Vor zwei Jahren hat die VDI-Fachgesellschaft Fahrzeug-und Verkehrstechnik (VDI-FVT) mit der Berliner Erklärung dargelegt, welche Herausforderungen die Fahrzeugtechnik bei dieser Aufgabe bewältigen muss - besonders vor dem Hintergrund das Gewicht und den CO2-Ausstoß der Fahrzeuge weiter zu reduzieren. Bei dem Pressegespräch anlässlich der 9. VDI-Tagung "Fahrzeugsicherheit" am 20. November 2013 diskutierten Thomas Herpich von TRW Automotive, Klaus Kompaß von BMW sowie Volker Schindler von der Universität Berlin und Rodolfo Schöneburg von Daimler die neuesten Entwicklungen der Branche.
VDI-FVT Vorsitzender Prof. Rodolfo Schöneburg stellte die Schwerpunkte für die künftigen Entwicklungen heraus: Moderne Fahrerassistenzsysteme tragen zur Unfallvermeidung bei und auch die Vorunfallphase ließe sich nutzen, um die Unfallfolgen zu mindern. "Der beste Unfall ist der, der gar nicht passiert", ergänzte Kompaß. Dabei wies er auf ein weiteres Potenzial hin, um Unfallfolgen zu mindern: die Verbesserung der Rettungsmaßnahmen durch einen automatisierten, intelligenten Notruf im Fahrzeug. "Die Verkürzung der sogenannten Golden Hour nach einem Unfall birgt hohes Potenzial für die Rettung vieler Menschenleben.", so Kompaß. Der voraussichtlich bis spätestens 2016 verbindliche "E-Call" für neue Fahrzeuge in der EU könnte 2.500 Unfalltote jährlich verhindern. Ein aufwändigeres System mit Back-end, wie es Hersteller wie BMW bereits verwenden, könnte sogar 4.000 Menschenleben jährlich retten - mehr als 10 Prozent der Opfer nach heutigem Stand.
Laut Schöneburg sei ein weiterer Schwerpunkt der Schutz der bisher ungeschützten Verkehrsteilnehmer: Fußgänger und Radfahrer. Gerade bei dieser Personengruppe können Assistenzsysteme bis zu 60 Prozent der Todesfälle verhindern. Sie weisen den Fahrer auf die anderen Verkehrsteilnehmer hin und unterstützen beziehungsweise automatisieren die Reaktion. Weitere passive Schutzmaßnahmen wie Fußgänger-Airbags könnten immerhin noch weitere 15 Prozent der Getöteten vermeiden.

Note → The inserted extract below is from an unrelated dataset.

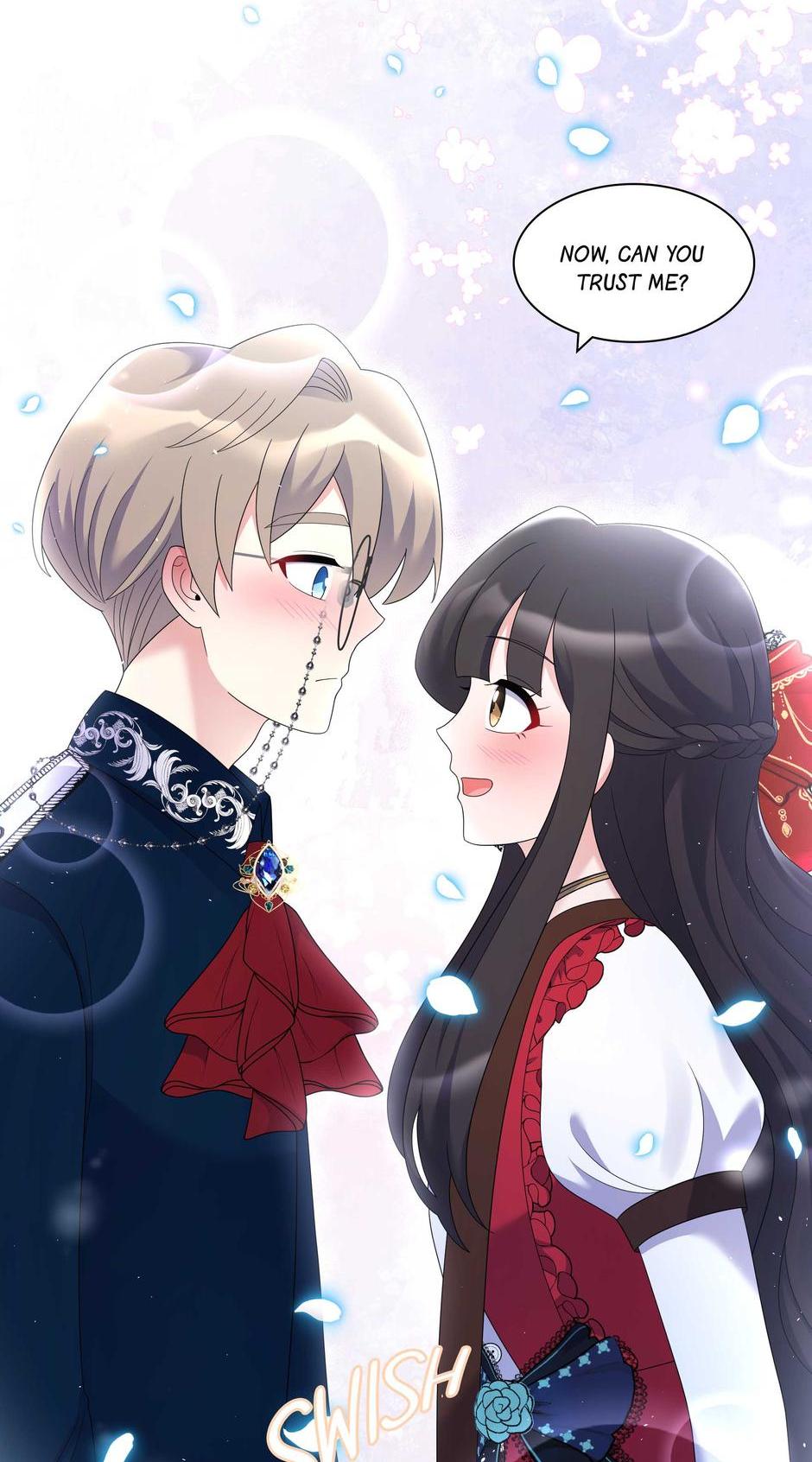 No Marriage, Angel! chapter 53 page 36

Die Sicherheit der Elektro- und Hybridfahrzeugen, deren Hochvolttechnik beherrschbar ist, aber noch ungewohnte Gefahrenpotenziale, besonders beim Crash und in der Nachunfallphase birgt, ist aus der Sicht von Schöneburg ein weiterer Schwerpunkt. In einem Positionspapier zu "Elektromobilität und Sicherheit" stößt der VDI-FVT eine Diskussion für höhere Sicherheitsanforderungen für Leichtfahrzeuge mit Elektroantrieb an. Bisher müssen Leichtfahrzeuge keine dem klassischen Pkw vergleichbaren Sicherheitsanforderungen erfüllen. Da sie aber kleinere Batterien als schwere Pkw benötigen, könnten sie ein gewisses Marktpotenzial für die Ausbreitung der Elektromobilität entwickeln.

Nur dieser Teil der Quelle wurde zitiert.